Joe Schaefer has the kind of smile that when you see it, you feel the corners of your own mouth turning up.

Schaefer is a World War II Veteran. He served with the 92nd Field Artillery and 2nd Armored Division. This former door-to-door produce salesman punctuates the end of a sentence with a giggle when he tells the story of how he sprained his ankle playing softball just weeks before D-Day.

” I got injured in a softball game running to first base,” Schaefer said from his living room couch.

Sidelined for D-Day

A bad ankle tear required a cast, and while this 22-year-old begged to take part in the Normandy Invasion, doctors kept him away from the battlefield for two months.

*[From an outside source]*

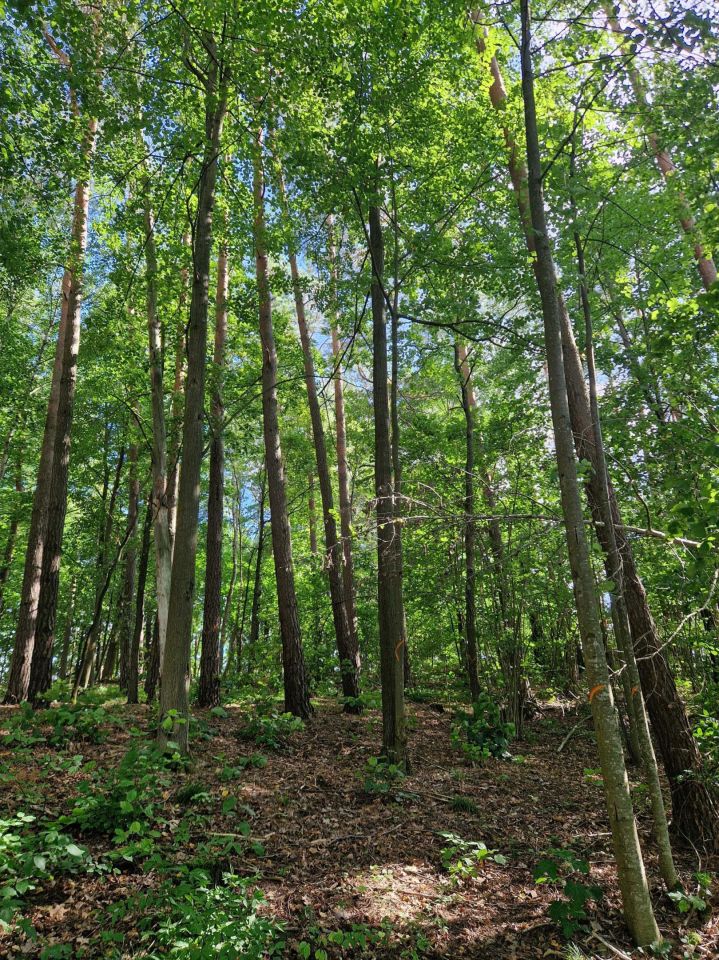Działka budowlana Giby. Zdjęcie 3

In an odd turn of events, a pop fly and an ankle cast kept him from storming the beaches and might have saved his life.

“All of the paratroopers were coming back from the war and they’d say, ‘What happened to you?’” Schaefer said with a chuckle. “ I said, ‘I don’t want to talk about it.’”

During the Battle of the Bulge, Cpl. Schaefer drove what’s called a “half track,” akin to a tank-truck hybrid. Upon the war’s conclusion, he drove one before the Big 3 — Churchill, Stalin and Truman — during the Potsdam Conference in Germany.

Not All Smiles

Schaefer is legally blind from macular degeneration but still enjoys viewing old photos. It’s difficult even with special low-vision equipment. Despite his disability, this smiling soldier still finds joy in photos from England, Africa and Germany. But there’s one memory that wipes the smile from even Schaefer’s face: the death of his brother, Paul.

“He was killed in Europe,” Schaefer said. “He was younger and they sent him over there, and he was killed four days before the war ended.”

Paul Schaefer was 22. He never made it home from the war but memories still bring a familiar expression to Joe’s face — a smile.

Paul served his country, and now, perhaps, his brother gets to carry his smile.